(Un)finishing Touches

In the traditional art museum, interaction between the museumgoer and the exhibit is often limited by “do not touch” signs, glass walls, and rope barriers. As a result, exhibits become “untouchable,” physically and possibly also socially. Through an augmented reality app that allows users to virtually graffiti exhibits (and possibly collaborate on graffiti with other museumgoers), we can disrupt the idea of untouchable exhibits. Museumgoers are not only encouraged to (digitally) touch exhibits, but add their individual creativity to them and as some people might consider, ‘vandalize’ them. I’d expect that some users would intentionally artistically augment exhibits, whereas others would intentionally mess around with them, such as drawing comical mustaches on figures’ faces. This begs the question, when is graffiti and street art considered “art,” and when is it considered “vandalism”?

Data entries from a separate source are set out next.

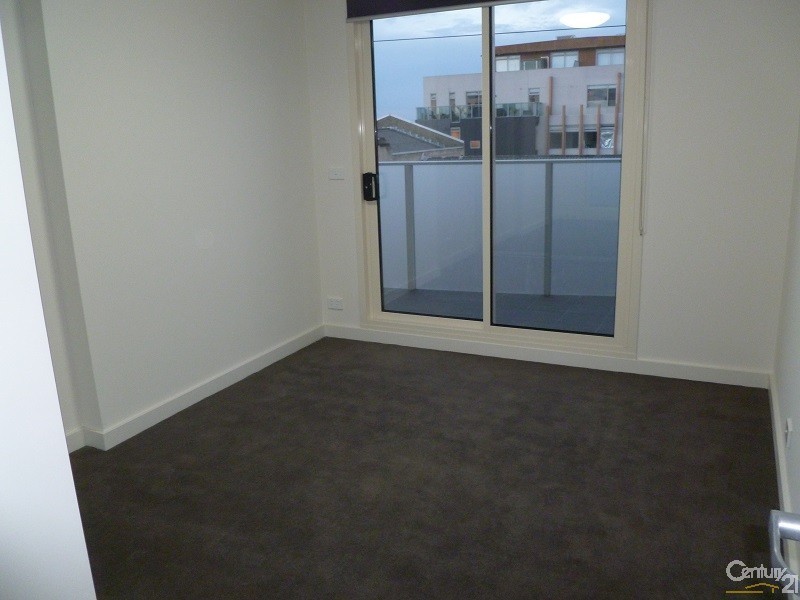 202/17 Robbs Parade, Northcote VIC 3070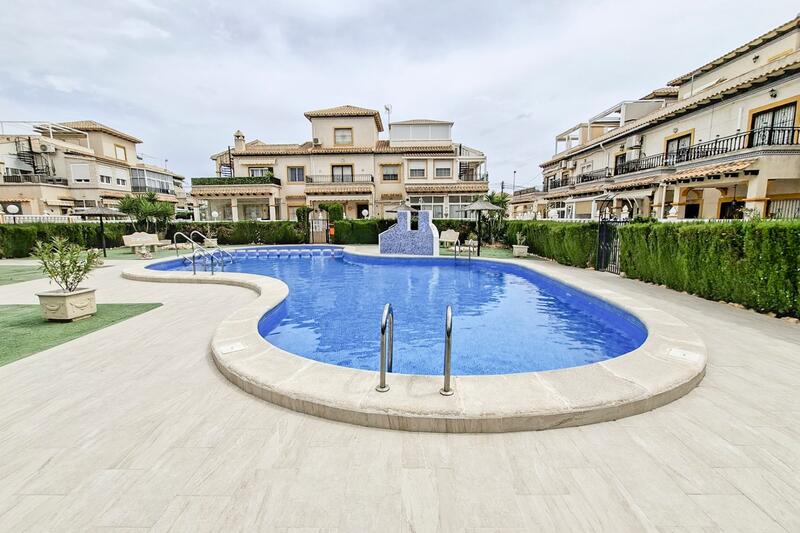 Gezinswoning Te koop in La Zenia, Alicante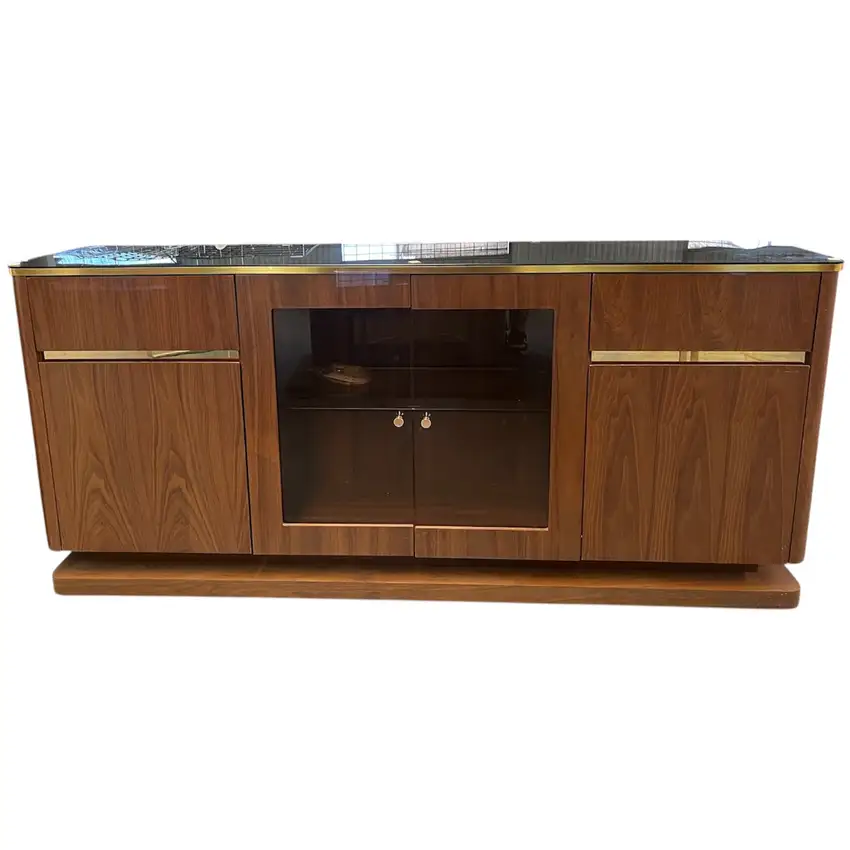 Aparador em madeira maciça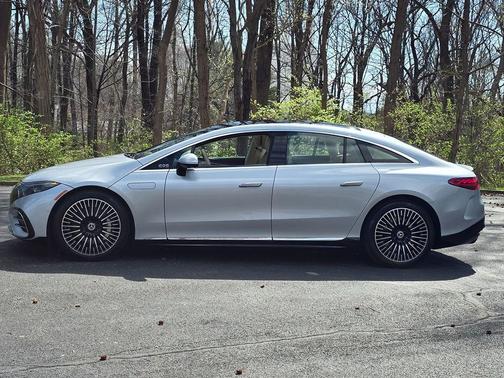 Cirrus Silver Metallic 2023 Mercedes-Benz EQS 580 4MATIC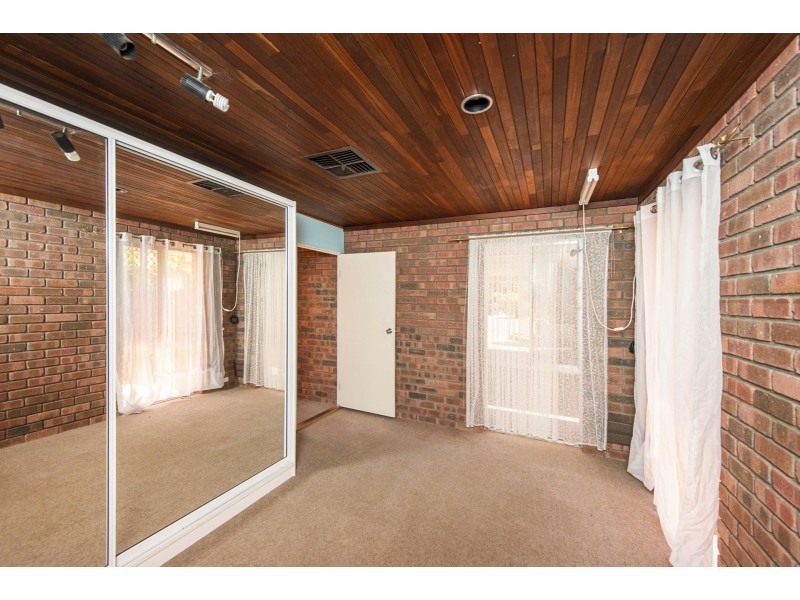 11 Agati Place, Forrestfield WA 6058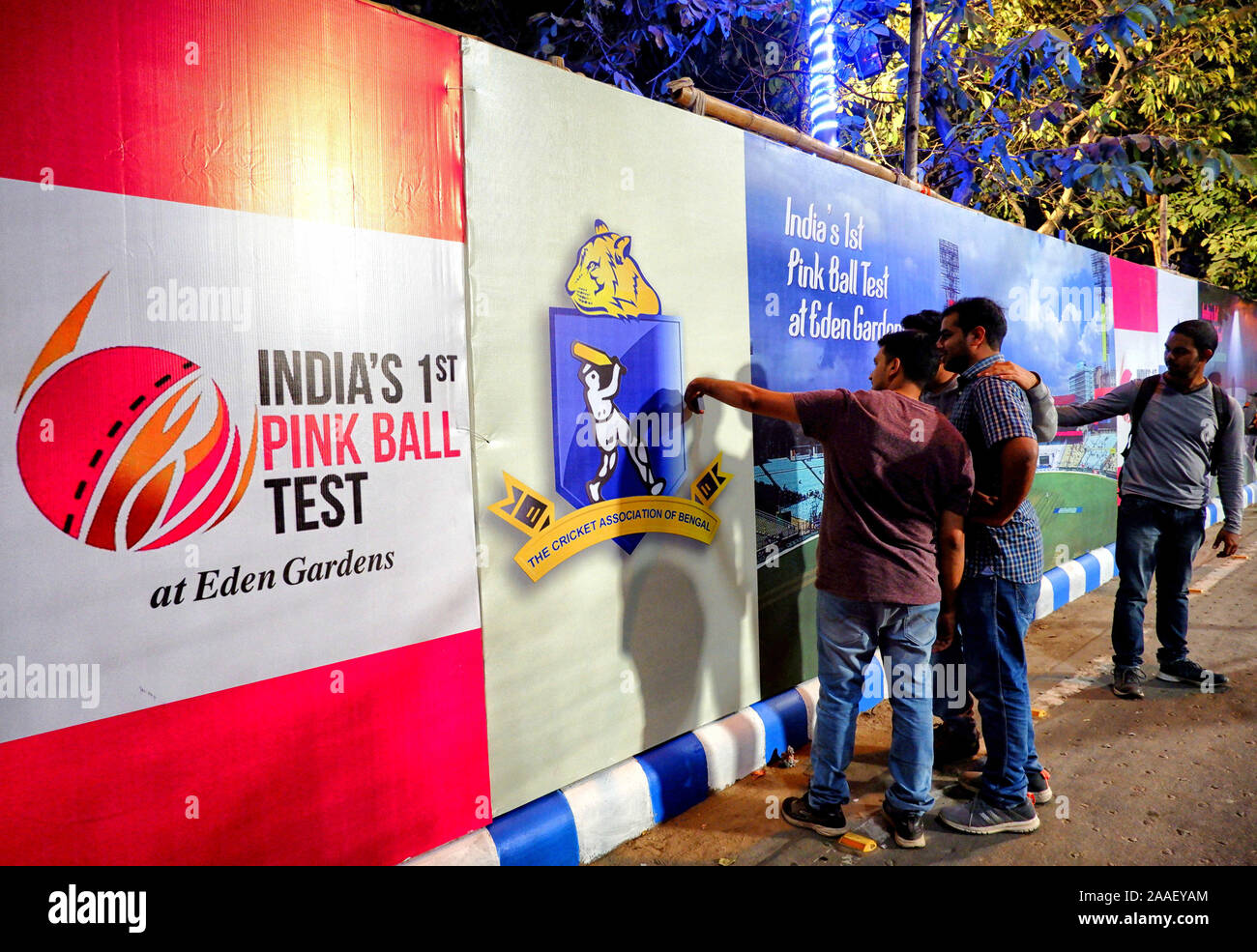 Kolkata, West Bengal, Indien. Nov, 2019 21. Cricket Fan's unter selfie vor dem Stadion. Kolkata feiert die Herrlichkeit für die Organisation der 1. rosa Ball Test Cricket Match in Indien und in Asien zwischen Indien und Bangladesch vom 22. -26. November 2019 im Eden Garten Stadion. Credit: Avishek Das/SOPA Images/ZUMA Draht/Alamy leben Nachrichten Stockfoto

The audience would be for all museumgoers — it would be interesting to see whether/how different demographics would contribute graffiti differently. The intended museum collaborator would be an art museum such as the Boston MFA.

To be honest, I’ve never developed a mobile app before (just a web app through the web.lab course), so I am not 100% sure about the technological approach. User authentication and a database will be needed to store individual users’ augmentations. ReactJS and HTML/CSS can be used to build a dynamic frontend. In a web app, HTML canvas can be used as a drawing interface, and chances are there’s something similar for mobile apps. There are probably libraries out there for integrating AR in a mobile app. Someone in Borderline (AR murals club) is developing an AR app, so I could possibly ask them for pointers. Skill sets include app development and background/field research on critical examination of graffiti in the context of art and society.

Updates: After Thursday’s class, I realized that another potential direction that this can go in is leveraging style transfer models to transfer the style of one museum artwork onto the content of another via an AR overlay. Because style transfer is already pretty established, I’m willing to bet that there’s an API/library out there that does it for you. If not, there are’s definitely open source models that can be deployed onto a cloud platform that can be called in a web app. There’s already a lot of existing web/mobile apps that do style transfer for custom images, but I haven’t seen style transfer being used as a participatory element in a museum setting. My ideas are similar to that of Georgia’s in that we both proposed participatory AR apps that involve user contribution and possibly collaboration between different users.